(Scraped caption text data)
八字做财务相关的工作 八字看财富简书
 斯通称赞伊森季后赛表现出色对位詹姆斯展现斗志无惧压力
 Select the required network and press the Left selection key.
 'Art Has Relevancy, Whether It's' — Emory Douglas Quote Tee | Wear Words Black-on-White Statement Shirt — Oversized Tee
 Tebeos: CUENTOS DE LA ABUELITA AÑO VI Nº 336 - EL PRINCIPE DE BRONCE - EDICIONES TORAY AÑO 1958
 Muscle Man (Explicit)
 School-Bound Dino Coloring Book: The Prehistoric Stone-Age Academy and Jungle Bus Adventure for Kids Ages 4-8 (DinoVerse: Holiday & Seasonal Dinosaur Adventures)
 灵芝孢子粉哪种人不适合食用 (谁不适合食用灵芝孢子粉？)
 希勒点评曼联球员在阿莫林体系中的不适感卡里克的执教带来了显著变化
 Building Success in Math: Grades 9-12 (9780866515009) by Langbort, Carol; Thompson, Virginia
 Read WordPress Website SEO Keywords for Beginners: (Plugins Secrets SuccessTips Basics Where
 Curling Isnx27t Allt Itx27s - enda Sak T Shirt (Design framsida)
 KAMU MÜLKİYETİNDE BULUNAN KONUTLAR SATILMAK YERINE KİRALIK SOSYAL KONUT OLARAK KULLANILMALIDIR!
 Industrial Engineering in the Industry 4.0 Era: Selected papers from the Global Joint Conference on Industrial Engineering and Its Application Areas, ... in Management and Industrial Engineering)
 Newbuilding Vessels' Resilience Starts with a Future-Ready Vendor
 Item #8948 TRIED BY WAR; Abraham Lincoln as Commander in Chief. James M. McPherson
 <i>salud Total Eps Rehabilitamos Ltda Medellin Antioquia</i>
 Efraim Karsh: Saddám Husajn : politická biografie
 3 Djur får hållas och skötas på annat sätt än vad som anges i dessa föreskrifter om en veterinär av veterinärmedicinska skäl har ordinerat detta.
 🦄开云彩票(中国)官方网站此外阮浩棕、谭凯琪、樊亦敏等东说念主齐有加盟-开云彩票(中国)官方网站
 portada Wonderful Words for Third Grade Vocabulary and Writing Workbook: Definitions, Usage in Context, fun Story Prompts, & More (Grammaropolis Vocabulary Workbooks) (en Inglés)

→ Aim of the exercise:
When you answer, repeat every record exactly, omitting nothing.

→ Task response:
八字做财务相关的工作 八字看财富简书
 斯通称赞伊森季后赛表现出色对位詹姆斯展现斗志无惧压力
 Select the required network and press the Left selection key.
 'Art Has Relevancy, Whether It's' — Emory Douglas Quote Tee | Wear Words Black-on-White Statement Shirt — Oversized Tee
 Tebeos: CUENTOS DE LA ABUELITA AÑO VI Nº 336 - EL PRINCIPE DE BRONCE - EDICIONES TORAY AÑO 1958
 Muscle Man (Explicit)
 School-Bound Dino Coloring Book: The Prehistoric Stone-Age Academy and Jungle Bus Adventure for Kids Ages 4-8 (DinoVerse: Holiday & Seasonal Dinosaur Adventures)
 灵芝孢子粉哪种人不适合食用 (谁不适合食用灵芝孢子粉？)
 希勒点评曼联球员在阿莫林体系中的不适感卡里克的执教带来了显著变化
 Building Success in Math: Grades 9-12 (9780866515009) by Langbort, Carol; Thompson, Virginia
 Read WordPress Website SEO Keywords for Beginners: (Plugins Secrets SuccessTips Basics Where
 Curling Isnx27t Allt Itx27s - enda Sak T Shirt (Design framsida)
 KAMU MÜLKİYETİNDE BULUNAN KONUTLAR SATILMAK YERINE KİRALIK SOSYAL KONUT OLARAK KULLANILMALIDIR!
 Industrial Engineering in the Industry 4.0 Era: Selected papers from the Global Joint Conference on Industrial Engineering and Its Application Areas, ... in Management and Industrial Engineering)
 Newbuilding Vessels' Resilience Starts with a Future-Ready Vendor
 Item #8948 TRIED BY WAR; Abraham Lincoln as Commander in Chief. James M. McPherson
 <i>salud Total Eps Rehabilitamos Ltda Medellin Antioquia</i>
 Efraim Karsh: Saddám Husajn : politická biografie
 3 Djur får hållas och skötas på annat sätt än vad som anges i dessa föreskrifter om en veterinär av veterinärmedicinska skäl har ordinerat detta.
 🦄开云彩票(中国)官方网站此外阮浩棕、谭凯琪、樊亦敏等东说念主齐有加盟-开云彩票(中国)官方网站
 portada Wonderful Words for Third Grade Vocabulary and Writing Workbook: Definitions, Usage in Context, fun Story Prompts, & More (Grammaropolis Vocabulary Workbooks) (en Inglés)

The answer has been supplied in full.